FILE PHOTO: SpaceX headquarters is shown in Hawthorne, California, US June 5, 2025. REUTERS/Daniel Cole/File Photo
FILE PHOTO: SpaceX headquarters is shown in Hawthorne, California, US June 5, 2025. REUTERS/Daniel Cole/File Photo

Elon Musk's SpaceX told investors it will prioritize going to the moon first and attempt a trip to Mars at a later time, the Wall Street Journal reported on Friday, citing sources.

The company will target March 2027 ‌for a ‌lunar landing without ‌astronauts ⁠on board, the ‌report added. The news comes after SpaceX agreed to acquire xAI in a deal that values the rocket and satellite company at $1 trillion and the artificial intelligence outfit ⁠at $250 billion.

SpaceX did not immediately respond ‌to a Reuters request ‍for comment.
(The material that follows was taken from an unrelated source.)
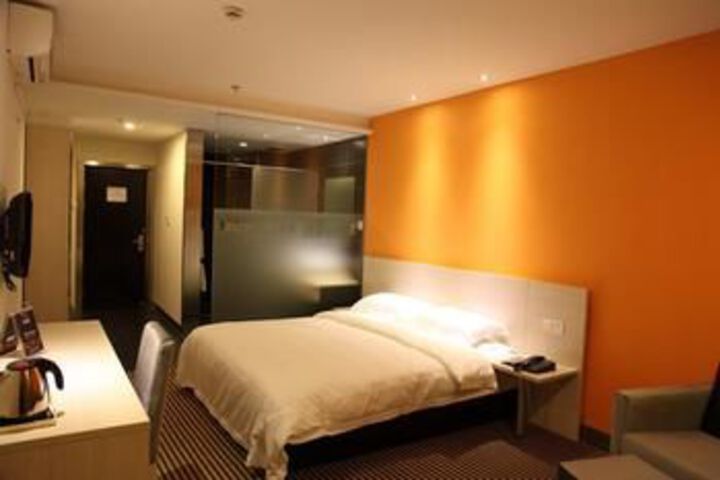Room 17 of 27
Musk said ‍last year that he aimed ‍to send an uncrewed mission to Mars by the end of 2026.

SpaceX is developing its next-generation Starship rocket, a stainless steel behemoth designed to be fully reusable and ⁠serve an array of missions including flights to the moon and Mars.

The United States faces intense competition this decade from China in its effort to return astronauts to the moon, where no humans have gone since the final US Apollo mission in ‌1972.